Gül aynen şöyle dedi; "Türkiye’de yaşam tarzından dolayı ötekileştirilen, ayrımcılığa-ayrıcalığa uğrayan tablo eskide kaldı. Buradan çok dersler çıkarıldı. Fakat buna rağmen marjinal hiç tasvip edemediğimiz tutumlar olabiliyor. Ama bir konsensus var. Mahkemelere gidip Diyarbakırlı bir anne Kürtçe konuşuyor. Kürtçe konuşuyor ama ‘bilinmeyen bir dil’. Ya sen bin yıldır konuşulan bir dile nasıl bilinmeyen dil dersin? 50 yıldır anne oğluyla konuşmuş, diline, inancına engel oluyorsun.
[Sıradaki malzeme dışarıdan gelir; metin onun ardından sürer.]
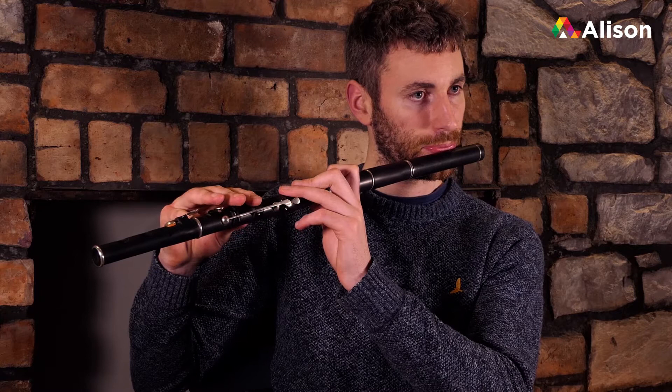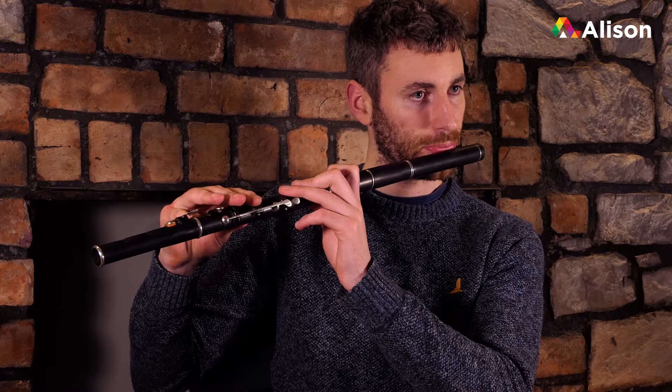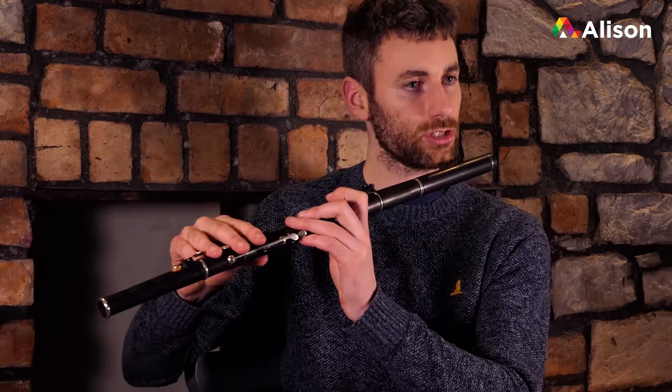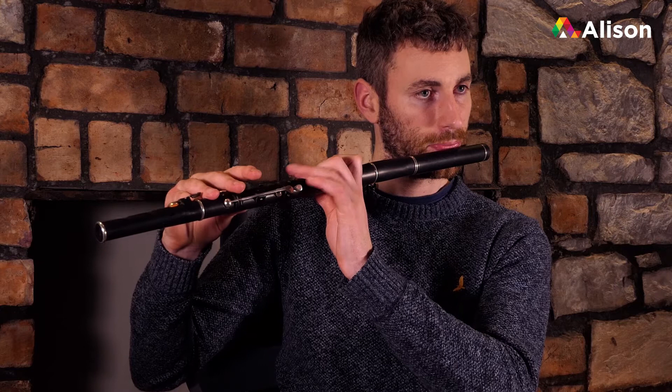Then the turn four bar. Okay, the turn four bar. So we put the four bars together now to give us the full first line.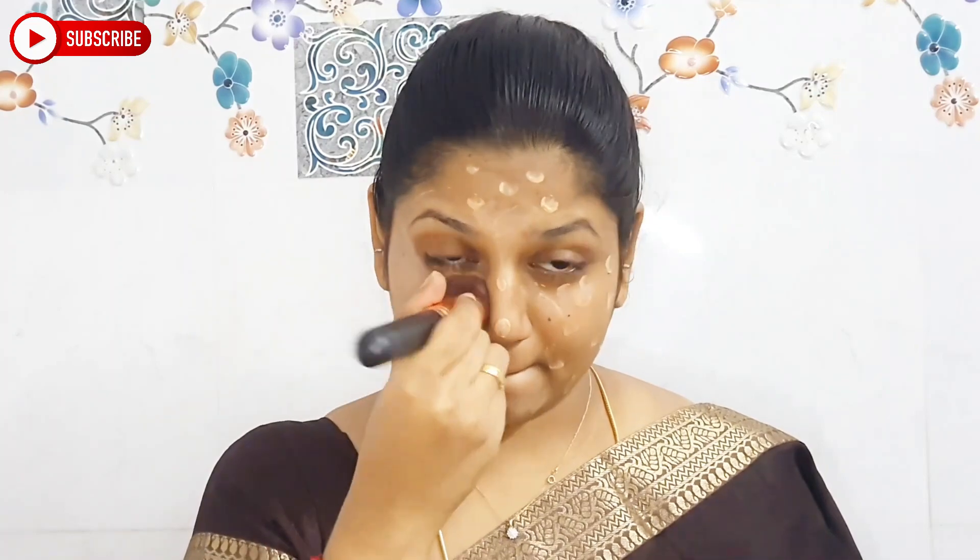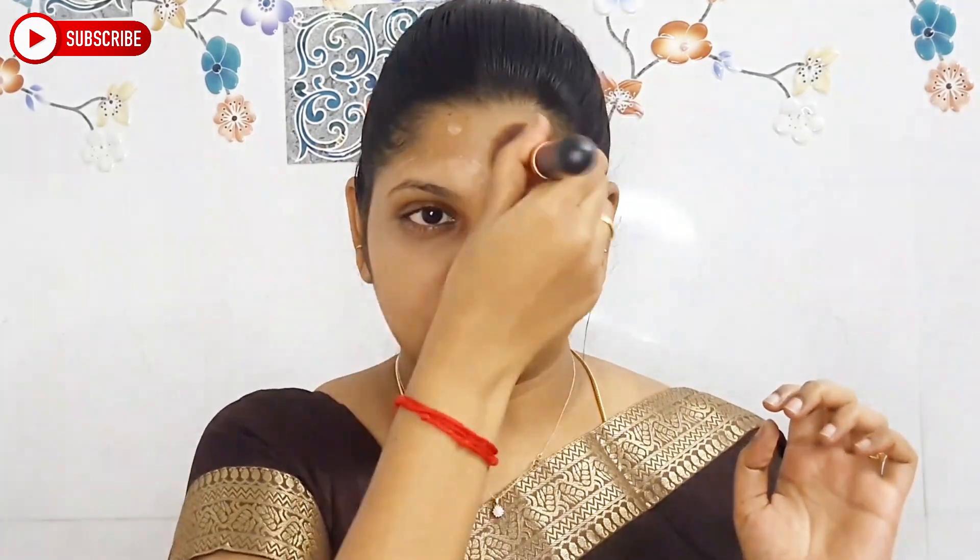This is a foundation blending brush — I'm going to blend it. This foundation is more than 150 rupees and it is a minimum coverage foundation — it's not going to be high coverage. So if you want high coverage, you can choose a higher range foundation.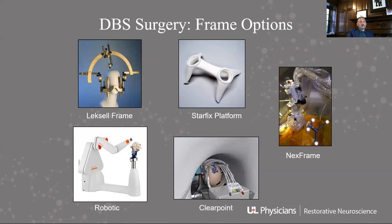Today there are dozens of different frame options. Lexile frames still exist, basically the same structure as before. There are others, like the CRW frame, robotic frames which are essentially an automated way of doing the same thing. There's the Starfix platform — a 3D printed platform — the Nexframe guided by Estella, and ClearPoint, which is a real-time MRI-guided system allowing adjustments to be made directly in the MRI suite.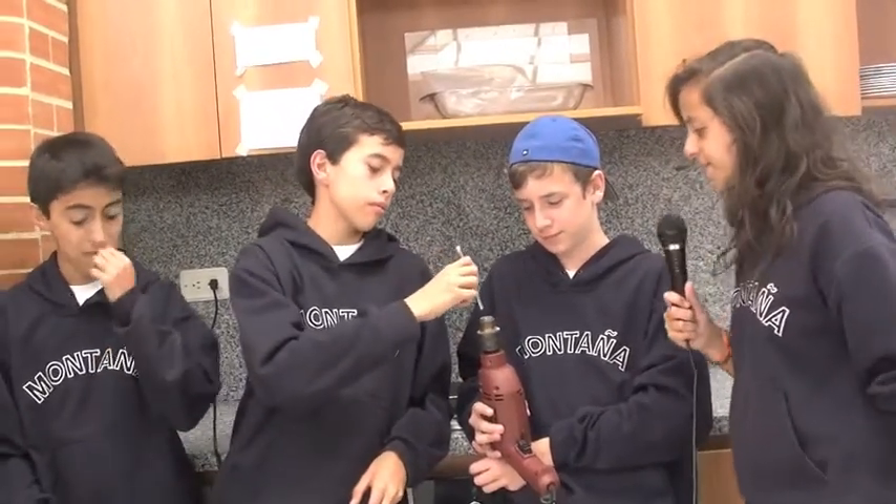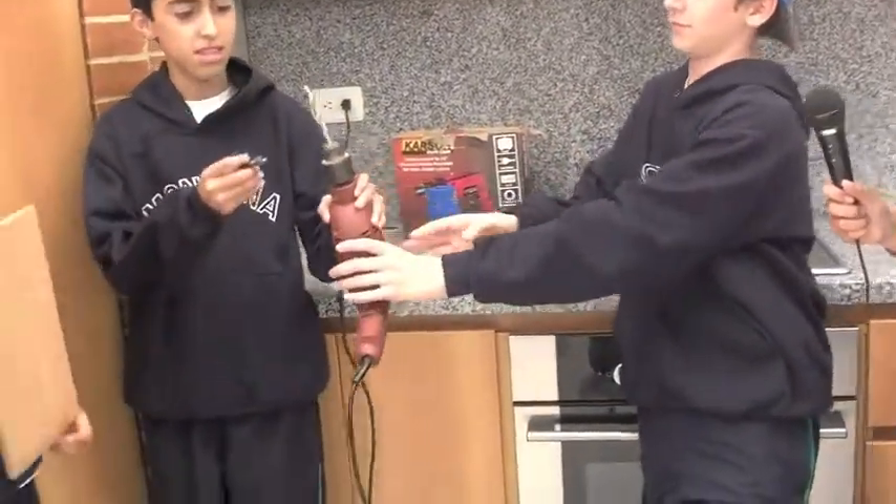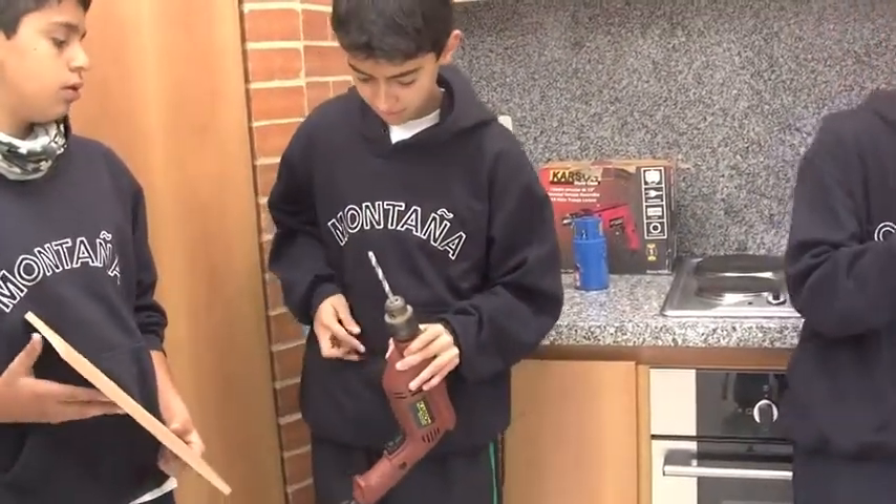Now this is the second step, which is how to insert the bruja in the drill. So demonstrate us. Now he's going to close it for the bruja correctly.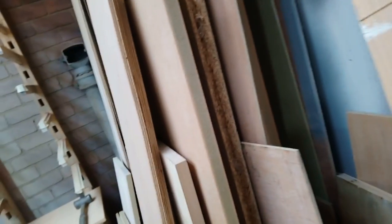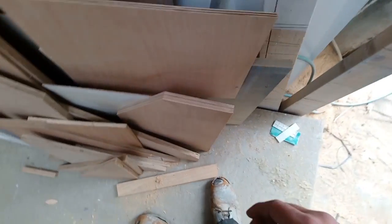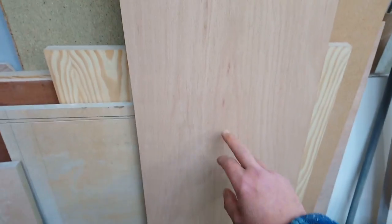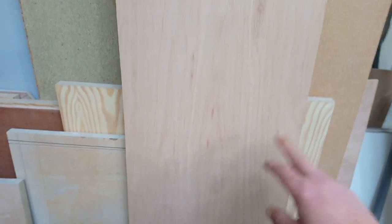For the panels, let's have a look at what I've got — either 9mm MDF, there are a couple of pieces but they're too small, or 9mm ply. I think it's going to be these; they're about the right width. I just need to cut them to length and to width as well.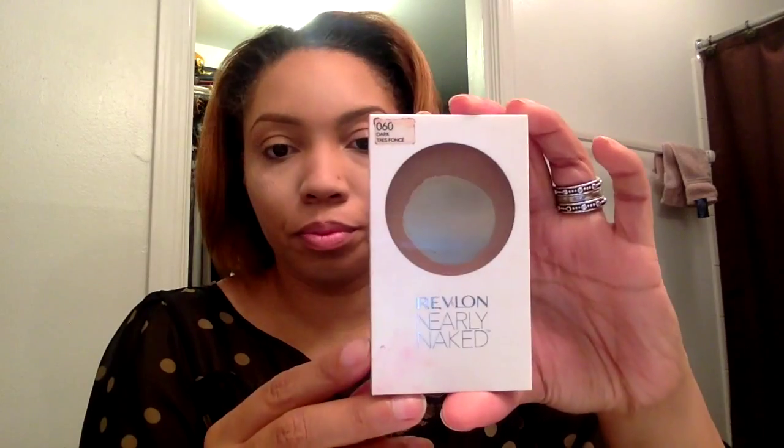Then we're going to use Revlon's Nearly Naked Powder in Dark or 060 to bring out the contour portion of our face.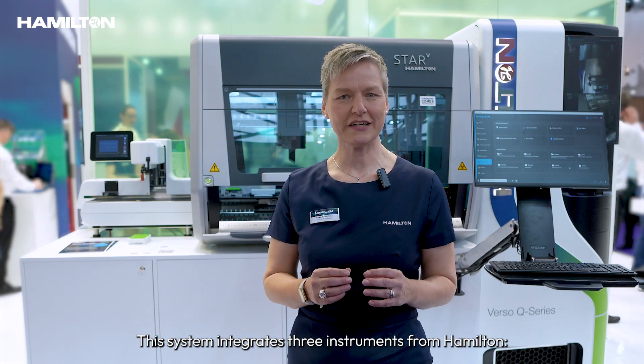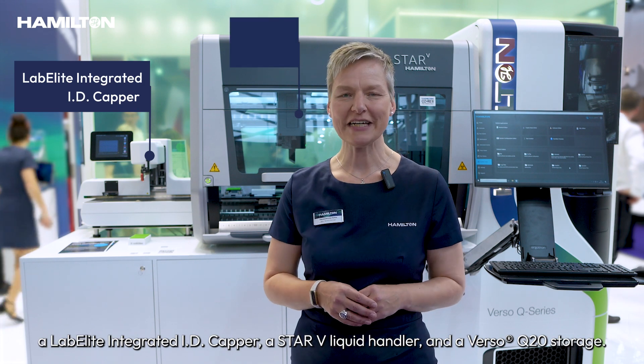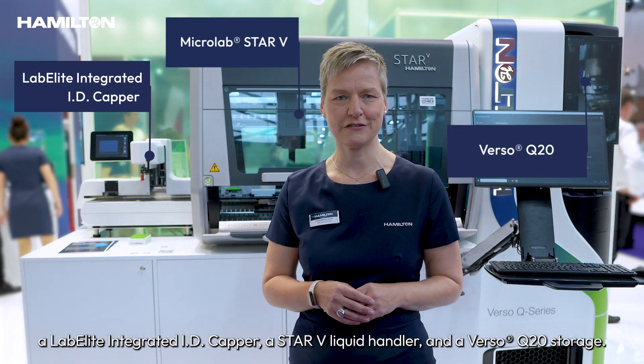This system integrates three instruments from Hamilton: a Lappi Lite integrated ID capper, a Star V liquid handler, and a Verso Q20 storage.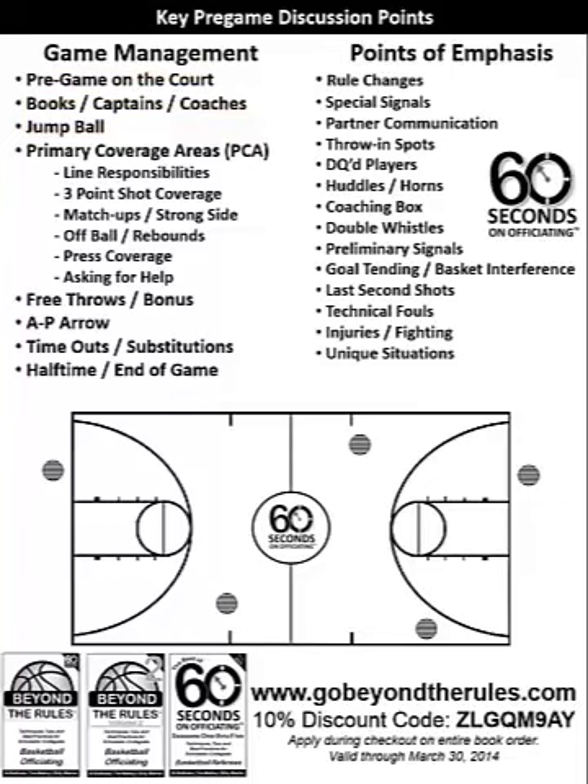Now we transition into our primary coverage areas. In a two-person game, it's worth reviewing — especially for officials going back and forth between two- and three-person games. The lead official has the rectangle: keep the head down, stay in that box, and referee all that area. The trail can take all the stuff down here, including dribble drives to the basket. If you're the trail and you see a travel violation in the paint, come in and take it hard, and take any fouls coming from your primary coverage area.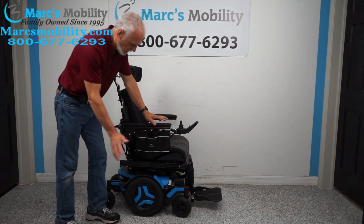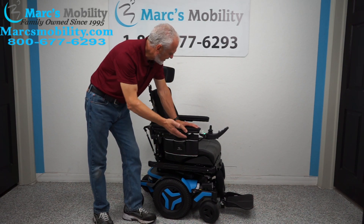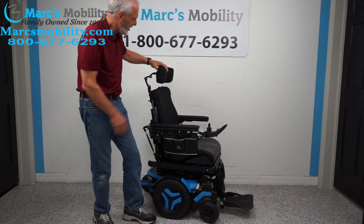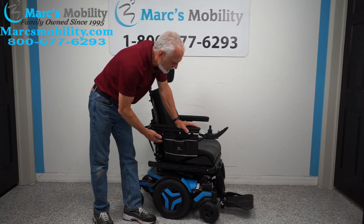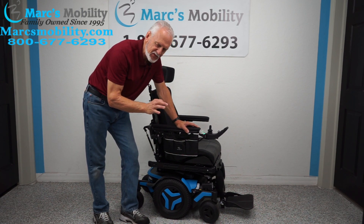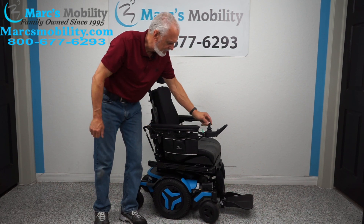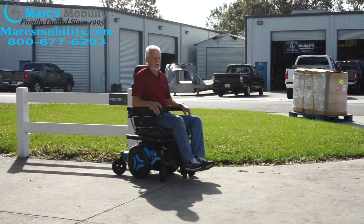Let's recap: we have a Permobil M3 power chair in blue, practically brand new with 41 miles. It has the 12-inch seat lift, electric tilt, electric recline, and electric feet. It includes gel arms, a swing-away joystick, an adjustable custom headrest, factory headlights, incredible suspension, and solid tires all around. Maximum user weight is 300 pounds, and top battery range is up to 15 miles — though mileage varies based on speed and terrain.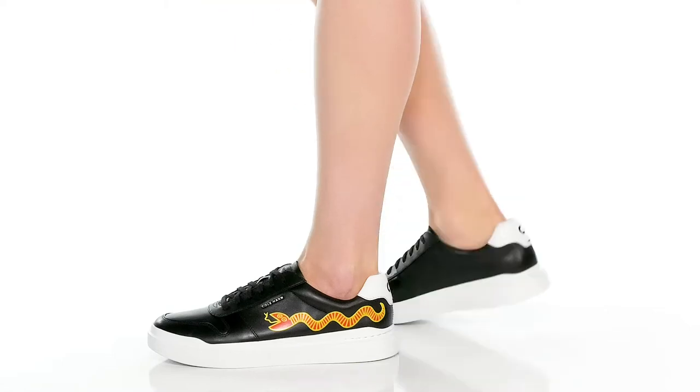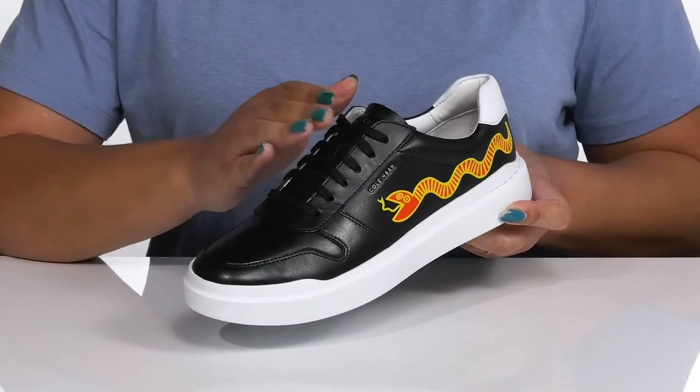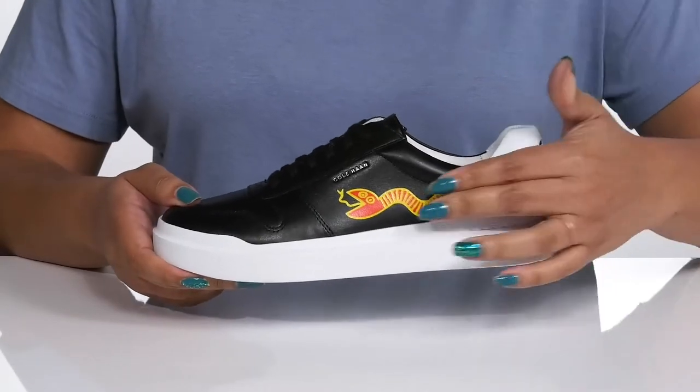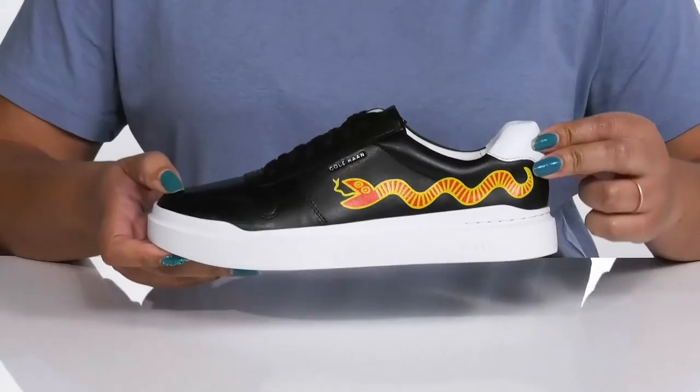Elevate your party look with these shoes by Kohan. They feature a leather upper with a functional lace-up closure to give you a secure and custom fit. They have a bright color snake print at the side that adds contrast while giving you a unique and edgy look you're sure to love.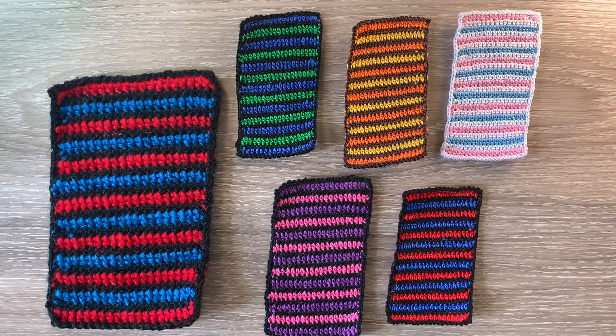Hello everyone. Thank you for joining me. I'm Kerry. Today I'll be showing you how to crochet a beach towel, which is for a project I'm working on.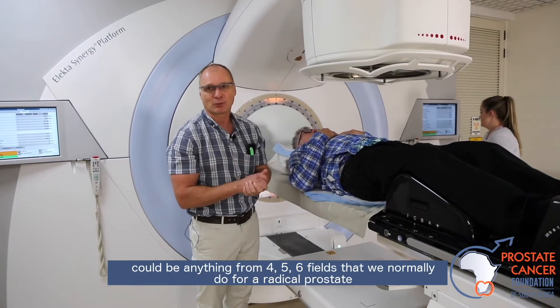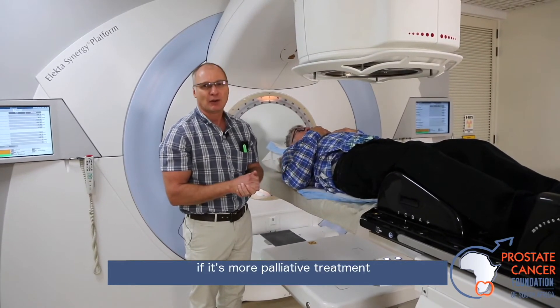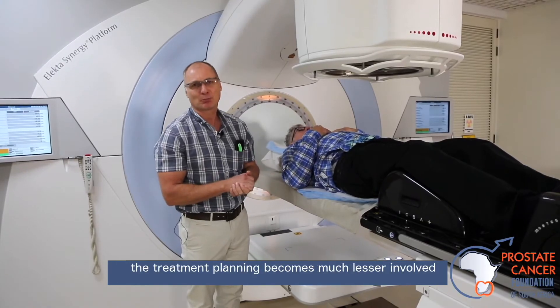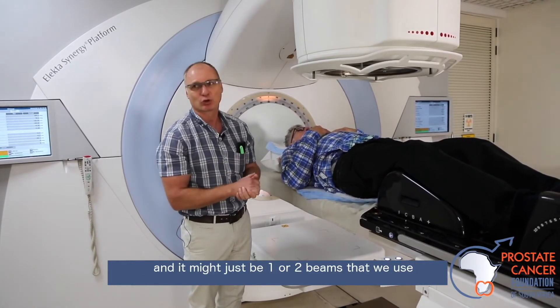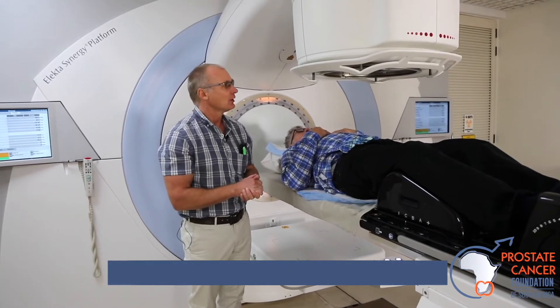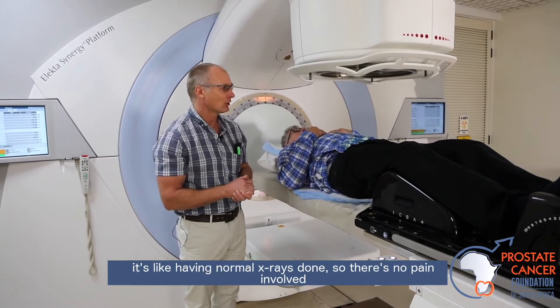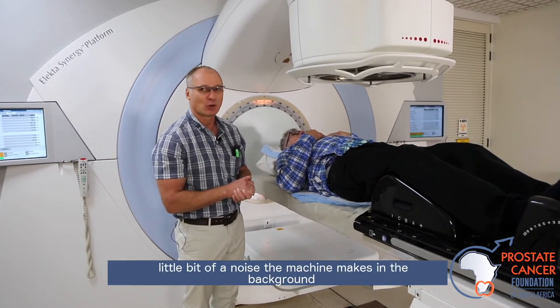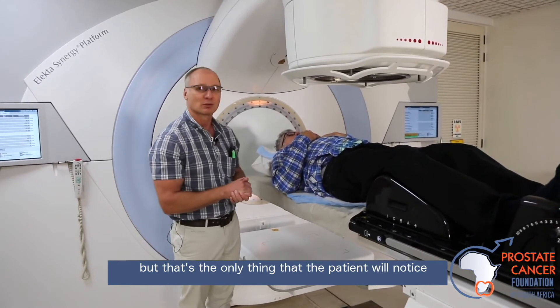It could be anything from 4, 5, or 6 fields that we normally do for a radical prostate. If it's more palliative treatment, the treatment planning becomes much less involved, and it might just be one or two beams that we use. The patient doesn't feel anything — it's like having normal X-rays done, so there's no pain involved, no discomfort, just a little bit of noise the machine makes in the background, but that's the only thing the patient will notice.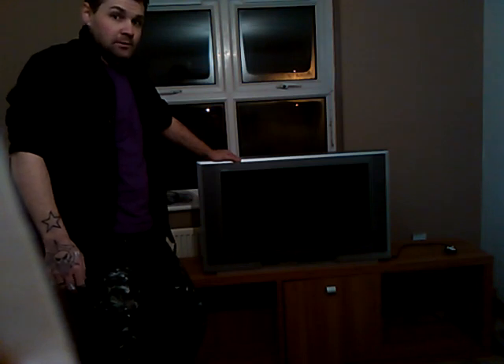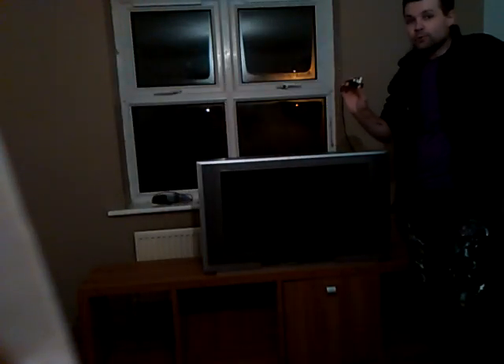How to move an old CRT TV. No wonder the people in the 80s and 90s were built like bricks — these things weigh a ton. But let's move it. Make sure you've got the plug unplugged, your aerial cable unplugged, and any other leads.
Bu konudaki inkar, asimilasyon politikaları geçmişte çok uygulandı. Bunların bir daha yaşanmaması hem hukukun hem siyasetin çıkardığı önemli derslerdir.”

***

Doğrusu, Gül'den gelen bu çıkış yargıya, özellikle hala da "marjinal" fikir içerisinde olanlara "mesaj" mahiyetli Kürtçe'nin "bilinmeyen değil" bilinen ve "bin yıllık" geçmişe sahip olduğu gerçeğini dillendirmesi, önemli.. Gözardı edilmemeli..

***

Evet "bu bilinmeyen dil, yasaklı dil" ayrıştırıcı, marjinalliğin Türkiye'ye "çok büyük yaralar" açtığını, tahribatı "Toplumsal birlikteliği" zedelediğini biliyoruz.. Ki, Gül'ün "ders çıkardığımıza" dikkat çeken bu beyanına karşı, Türkiye Büyük Millet Meclisinde vaki olan nedir?… Ne yazık ki, Meclis'te hala da "Kürtçe bilinmeyen bir dil, denilerek X işareti konuluyor?".. Hele ki, kerameti kendinden menkul idarecilerin, "Kürtçe tabelalara" karşı alerji halleri..

***

Aslında; "hastalık, üreyen virüsler, vücuttaki yara, zihinlerdeki marjinalliğin" teşhisi, yaratıcı ve tedavisine dair gerekli reçete de belli!.. Ama; "kafalar" net değil.. Yani, Yasama, Yürütme ve Yargı'daki "kronikleşen milli meselelere dair "açmazlığa dönüşen kilidin anahtarına herkes vakıf.. Ki Bakan Gül'ün de belirttiği gibi.. Yarım asırdan beridir de, her seçim evresinde, her iktidar döneminde dillendirilen ama bir türlü "hayata geçirilemeyen" cesaret edilmeyen; "bireyi öne çıkaran, Sivil, yeni bir Anayasa'nın" ikmale getirilmeyişi..

***

Kısacası, 12 Eylül'ün "travmasından" kurtulmamız için atılacak tek adım; "Darbeci" anlayıştan; "Sivil" anlayışa geçebilmektir.. Peki vaki mi?..

***

GÜNÜN SÖZÜ…

Kime ne ceza verirseniz, kim ne düşünür kaygısına kapılırsanız; "vicdanları" kanatırsınız!…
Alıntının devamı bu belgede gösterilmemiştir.